Op basis van het verrichte bodemonderzoek mag worden verondersteld dat de bodem in het plangebied geschikt is voor het beoogde gebruik. Voor het aspect bodemkwaliteit wordt het plan uitvoerbaar geacht.

6.8 Water

Het Besluit ruimtelijke ordening verplicht de initiatiefnemer tot het overwegen van de belangen van de waterbeheerder in het plan of project. Het plangebied ligt binnen het beheersgebied van het Hoogheemraadschap Hollands Noorderkwartier (HHNK).
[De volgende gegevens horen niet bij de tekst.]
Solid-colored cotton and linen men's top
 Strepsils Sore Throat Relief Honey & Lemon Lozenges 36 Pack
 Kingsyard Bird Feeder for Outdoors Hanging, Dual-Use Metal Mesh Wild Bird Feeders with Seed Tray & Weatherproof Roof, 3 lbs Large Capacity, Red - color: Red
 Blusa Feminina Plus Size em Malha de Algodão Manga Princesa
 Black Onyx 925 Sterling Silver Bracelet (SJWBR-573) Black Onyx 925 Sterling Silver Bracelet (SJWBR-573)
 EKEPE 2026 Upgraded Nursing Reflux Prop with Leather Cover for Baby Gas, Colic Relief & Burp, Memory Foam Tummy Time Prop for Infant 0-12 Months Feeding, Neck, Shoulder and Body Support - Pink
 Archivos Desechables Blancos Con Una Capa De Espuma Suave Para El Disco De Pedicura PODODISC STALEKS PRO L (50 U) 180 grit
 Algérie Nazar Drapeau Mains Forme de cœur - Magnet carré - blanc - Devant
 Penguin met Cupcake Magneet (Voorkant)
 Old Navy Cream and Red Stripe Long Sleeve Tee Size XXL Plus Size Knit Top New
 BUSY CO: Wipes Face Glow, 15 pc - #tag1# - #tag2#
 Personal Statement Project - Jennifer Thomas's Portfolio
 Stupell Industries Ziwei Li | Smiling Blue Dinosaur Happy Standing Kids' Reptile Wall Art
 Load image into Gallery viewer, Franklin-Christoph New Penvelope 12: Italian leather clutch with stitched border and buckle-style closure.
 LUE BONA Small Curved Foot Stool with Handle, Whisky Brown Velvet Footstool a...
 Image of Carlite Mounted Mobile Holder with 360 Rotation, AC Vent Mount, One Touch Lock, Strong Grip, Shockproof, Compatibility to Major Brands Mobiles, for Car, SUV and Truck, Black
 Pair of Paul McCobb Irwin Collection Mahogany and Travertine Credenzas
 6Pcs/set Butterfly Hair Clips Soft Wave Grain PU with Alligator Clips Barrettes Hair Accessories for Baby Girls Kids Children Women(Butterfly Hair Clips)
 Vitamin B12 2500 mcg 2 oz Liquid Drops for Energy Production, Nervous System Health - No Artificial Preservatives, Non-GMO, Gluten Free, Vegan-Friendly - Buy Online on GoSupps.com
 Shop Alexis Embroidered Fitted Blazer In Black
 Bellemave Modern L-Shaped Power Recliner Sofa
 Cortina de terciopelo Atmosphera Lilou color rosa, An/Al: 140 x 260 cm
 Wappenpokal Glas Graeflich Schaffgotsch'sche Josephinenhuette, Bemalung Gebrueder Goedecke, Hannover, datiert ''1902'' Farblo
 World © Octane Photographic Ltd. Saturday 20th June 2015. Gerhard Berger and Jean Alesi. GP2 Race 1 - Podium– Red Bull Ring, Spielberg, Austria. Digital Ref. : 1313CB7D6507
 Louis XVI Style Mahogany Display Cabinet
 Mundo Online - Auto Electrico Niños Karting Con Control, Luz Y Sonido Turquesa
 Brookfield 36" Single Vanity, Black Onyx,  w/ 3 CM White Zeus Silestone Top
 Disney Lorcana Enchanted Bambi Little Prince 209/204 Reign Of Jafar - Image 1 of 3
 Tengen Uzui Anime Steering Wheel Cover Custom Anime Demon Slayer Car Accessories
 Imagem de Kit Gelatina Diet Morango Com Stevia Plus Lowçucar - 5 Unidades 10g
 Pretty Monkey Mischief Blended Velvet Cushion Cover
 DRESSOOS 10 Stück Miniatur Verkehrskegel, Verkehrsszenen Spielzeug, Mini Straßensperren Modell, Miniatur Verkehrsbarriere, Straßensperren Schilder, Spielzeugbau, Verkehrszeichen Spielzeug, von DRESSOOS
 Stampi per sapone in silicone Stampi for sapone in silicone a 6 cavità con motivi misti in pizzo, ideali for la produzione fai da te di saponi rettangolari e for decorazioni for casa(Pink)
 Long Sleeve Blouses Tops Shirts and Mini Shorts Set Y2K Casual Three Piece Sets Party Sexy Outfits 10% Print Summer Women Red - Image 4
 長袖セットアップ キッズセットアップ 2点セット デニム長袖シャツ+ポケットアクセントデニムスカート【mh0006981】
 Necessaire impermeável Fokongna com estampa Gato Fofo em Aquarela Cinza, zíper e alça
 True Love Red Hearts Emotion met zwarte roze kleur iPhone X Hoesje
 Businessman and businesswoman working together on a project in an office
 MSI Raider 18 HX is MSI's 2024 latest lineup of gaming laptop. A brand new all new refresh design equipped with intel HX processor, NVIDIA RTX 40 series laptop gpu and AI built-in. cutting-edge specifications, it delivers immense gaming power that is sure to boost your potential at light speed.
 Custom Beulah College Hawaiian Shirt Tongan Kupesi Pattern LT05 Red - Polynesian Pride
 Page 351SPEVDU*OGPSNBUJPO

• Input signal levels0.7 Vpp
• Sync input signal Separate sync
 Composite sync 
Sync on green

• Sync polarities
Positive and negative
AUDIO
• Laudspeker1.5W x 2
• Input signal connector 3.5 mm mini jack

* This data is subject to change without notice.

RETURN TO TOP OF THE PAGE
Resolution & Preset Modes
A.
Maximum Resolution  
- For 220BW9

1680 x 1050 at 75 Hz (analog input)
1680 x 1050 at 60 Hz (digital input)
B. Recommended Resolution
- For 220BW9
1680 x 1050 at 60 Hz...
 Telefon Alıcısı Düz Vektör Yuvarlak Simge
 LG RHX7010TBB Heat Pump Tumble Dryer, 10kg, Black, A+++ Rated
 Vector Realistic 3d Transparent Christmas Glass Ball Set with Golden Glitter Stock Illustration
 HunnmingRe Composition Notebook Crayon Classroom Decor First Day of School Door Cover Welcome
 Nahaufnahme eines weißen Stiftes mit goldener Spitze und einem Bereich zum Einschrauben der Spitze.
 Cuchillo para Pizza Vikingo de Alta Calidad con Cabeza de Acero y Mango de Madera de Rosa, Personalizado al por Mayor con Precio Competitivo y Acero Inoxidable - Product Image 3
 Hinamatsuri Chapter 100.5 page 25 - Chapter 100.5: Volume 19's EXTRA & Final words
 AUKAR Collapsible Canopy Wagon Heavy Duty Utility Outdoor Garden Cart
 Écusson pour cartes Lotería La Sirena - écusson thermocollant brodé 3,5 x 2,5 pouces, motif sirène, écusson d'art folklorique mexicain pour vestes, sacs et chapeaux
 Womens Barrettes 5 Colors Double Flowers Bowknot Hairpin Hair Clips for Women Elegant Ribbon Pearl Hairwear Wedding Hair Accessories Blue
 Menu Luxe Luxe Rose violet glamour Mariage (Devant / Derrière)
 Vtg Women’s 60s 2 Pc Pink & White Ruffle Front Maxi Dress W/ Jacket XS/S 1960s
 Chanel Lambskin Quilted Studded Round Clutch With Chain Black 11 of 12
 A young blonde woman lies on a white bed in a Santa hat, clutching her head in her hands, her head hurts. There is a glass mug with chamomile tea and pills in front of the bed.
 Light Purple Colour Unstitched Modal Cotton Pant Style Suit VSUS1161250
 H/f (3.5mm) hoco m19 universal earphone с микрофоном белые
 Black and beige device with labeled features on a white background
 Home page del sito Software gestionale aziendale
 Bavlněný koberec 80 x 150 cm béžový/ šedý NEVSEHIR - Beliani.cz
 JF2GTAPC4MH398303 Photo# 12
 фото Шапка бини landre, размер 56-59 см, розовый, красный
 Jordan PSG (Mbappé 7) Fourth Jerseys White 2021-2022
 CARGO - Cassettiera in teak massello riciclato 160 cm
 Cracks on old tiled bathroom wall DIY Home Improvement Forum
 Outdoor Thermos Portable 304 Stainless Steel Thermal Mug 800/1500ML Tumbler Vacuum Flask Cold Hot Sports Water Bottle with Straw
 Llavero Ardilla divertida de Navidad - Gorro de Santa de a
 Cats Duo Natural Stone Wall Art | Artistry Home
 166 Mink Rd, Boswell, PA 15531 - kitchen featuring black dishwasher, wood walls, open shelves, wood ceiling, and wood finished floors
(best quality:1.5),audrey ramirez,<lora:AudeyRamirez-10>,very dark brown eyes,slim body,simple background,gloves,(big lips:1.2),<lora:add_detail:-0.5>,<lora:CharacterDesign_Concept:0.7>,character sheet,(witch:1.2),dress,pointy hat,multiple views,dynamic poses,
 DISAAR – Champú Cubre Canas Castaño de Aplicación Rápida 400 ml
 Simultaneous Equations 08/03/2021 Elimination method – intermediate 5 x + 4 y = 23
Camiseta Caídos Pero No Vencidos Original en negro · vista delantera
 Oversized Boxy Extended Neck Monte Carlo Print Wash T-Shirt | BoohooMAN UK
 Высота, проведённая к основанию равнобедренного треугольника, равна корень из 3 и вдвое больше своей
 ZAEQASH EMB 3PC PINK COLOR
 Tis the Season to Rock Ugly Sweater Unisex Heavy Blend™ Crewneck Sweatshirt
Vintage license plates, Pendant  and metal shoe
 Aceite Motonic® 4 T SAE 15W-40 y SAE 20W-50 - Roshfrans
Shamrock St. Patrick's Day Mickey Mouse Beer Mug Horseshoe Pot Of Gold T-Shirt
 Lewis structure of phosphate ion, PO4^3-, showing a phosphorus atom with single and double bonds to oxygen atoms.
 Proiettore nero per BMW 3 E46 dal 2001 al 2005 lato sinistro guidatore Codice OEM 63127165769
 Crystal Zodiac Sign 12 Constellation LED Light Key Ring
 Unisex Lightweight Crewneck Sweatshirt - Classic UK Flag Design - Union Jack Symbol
In het kader hiervan is voor het plan op 7 februari 2018 een watertoets uitgevoerd. Vanwege de grote toename aan verhard oppervlak door de uitvoering van het plan en de zonering van de primaire waterloop aan de zuidzijde van het plangebied, dient de normale watertoetsprocedure te worden doorlopen en is overleg met het hoogheemraadschap vereist.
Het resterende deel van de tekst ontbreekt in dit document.